▶ [Exercise] The answer must consist of every record, printed exactly as it stands.

▶ [Data for this exercise]
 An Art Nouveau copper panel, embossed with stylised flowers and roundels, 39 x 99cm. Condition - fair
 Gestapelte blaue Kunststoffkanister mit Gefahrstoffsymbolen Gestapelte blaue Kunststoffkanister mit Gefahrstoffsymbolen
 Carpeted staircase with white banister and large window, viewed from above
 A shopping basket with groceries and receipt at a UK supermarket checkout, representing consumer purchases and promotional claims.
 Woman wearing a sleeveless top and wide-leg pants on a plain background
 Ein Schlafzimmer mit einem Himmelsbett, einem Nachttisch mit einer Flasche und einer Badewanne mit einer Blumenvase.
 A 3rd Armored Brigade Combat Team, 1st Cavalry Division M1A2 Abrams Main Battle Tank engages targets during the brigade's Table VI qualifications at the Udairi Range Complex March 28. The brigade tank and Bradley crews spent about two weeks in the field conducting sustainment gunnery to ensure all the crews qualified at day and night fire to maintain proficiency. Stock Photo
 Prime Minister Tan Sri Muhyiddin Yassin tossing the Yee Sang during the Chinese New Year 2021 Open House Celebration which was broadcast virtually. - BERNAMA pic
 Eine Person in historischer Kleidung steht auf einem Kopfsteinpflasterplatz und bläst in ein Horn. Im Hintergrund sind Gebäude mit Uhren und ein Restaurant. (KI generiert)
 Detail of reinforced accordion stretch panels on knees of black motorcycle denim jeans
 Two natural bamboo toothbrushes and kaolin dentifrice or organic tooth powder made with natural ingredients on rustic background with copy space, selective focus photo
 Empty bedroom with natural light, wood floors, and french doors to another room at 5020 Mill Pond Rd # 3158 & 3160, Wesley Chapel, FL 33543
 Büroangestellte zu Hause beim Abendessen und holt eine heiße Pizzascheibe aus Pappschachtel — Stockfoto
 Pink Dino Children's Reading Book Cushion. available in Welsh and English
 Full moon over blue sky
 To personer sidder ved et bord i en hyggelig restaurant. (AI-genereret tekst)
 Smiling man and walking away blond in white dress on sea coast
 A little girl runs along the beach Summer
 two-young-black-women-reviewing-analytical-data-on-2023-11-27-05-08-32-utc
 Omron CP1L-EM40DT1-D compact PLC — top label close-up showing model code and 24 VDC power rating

▶ [Answer to this problem]
 An Art Nouveau copper panel, embossed with stylised flowers and roundels, 39 x 99cm. Condition - fair
 Gestapelte blaue Kunststoffkanister mit Gefahrstoffsymbolen Gestapelte blaue Kunststoffkanister mit Gefahrstoffsymbolen
 Carpeted staircase with white banister and large window, viewed from above
 A shopping basket with groceries and receipt at a UK supermarket checkout, representing consumer purchases and promotional claims.
 Woman wearing a sleeveless top and wide-leg pants on a plain background
 Ein Schlafzimmer mit einem Himmelsbett, einem Nachttisch mit einer Flasche und einer Badewanne mit einer Blumenvase.
 A 3rd Armored Brigade Combat Team, 1st Cavalry Division M1A2 Abrams Main Battle Tank engages targets during the brigade's Table VI qualifications at the Udairi Range Complex March 28. The brigade tank and Bradley crews spent about two weeks in the field conducting sustainment gunnery to ensure all the crews qualified at day and night fire to maintain proficiency. Stock Photo
 Prime Minister Tan Sri Muhyiddin Yassin tossing the Yee Sang during the Chinese New Year 2021 Open House Celebration which was broadcast virtually. - BERNAMA pic
 Eine Person in historischer Kleidung steht auf einem Kopfsteinpflasterplatz und bläst in ein Horn. Im Hintergrund sind Gebäude mit Uhren und ein Restaurant. (KI generiert)
 Detail of reinforced accordion stretch panels on knees of black motorcycle denim jeans
 Two natural bamboo toothbrushes and kaolin dentifrice or organic tooth powder made with natural ingredients on rustic background with copy space, selective focus photo
 Empty bedroom with natural light, wood floors, and french doors to another room at 5020 Mill Pond Rd # 3158 & 3160, Wesley Chapel, FL 33543
 Büroangestellte zu Hause beim Abendessen und holt eine heiße Pizzascheibe aus Pappschachtel — Stockfoto
 Pink Dino Children's Reading Book Cushion. available in Welsh and English
 Full moon over blue sky
 To personer sidder ved et bord i en hyggelig restaurant. (AI-genereret tekst)
 Smiling man and walking away blond in white dress on sea coast
 A little girl runs along the beach Summer
 two-young-black-women-reviewing-analytical-data-on-2023-11-27-05-08-32-utc
 Omron CP1L-EM40DT1-D compact PLC — top label close-up showing model code and 24 VDC power rating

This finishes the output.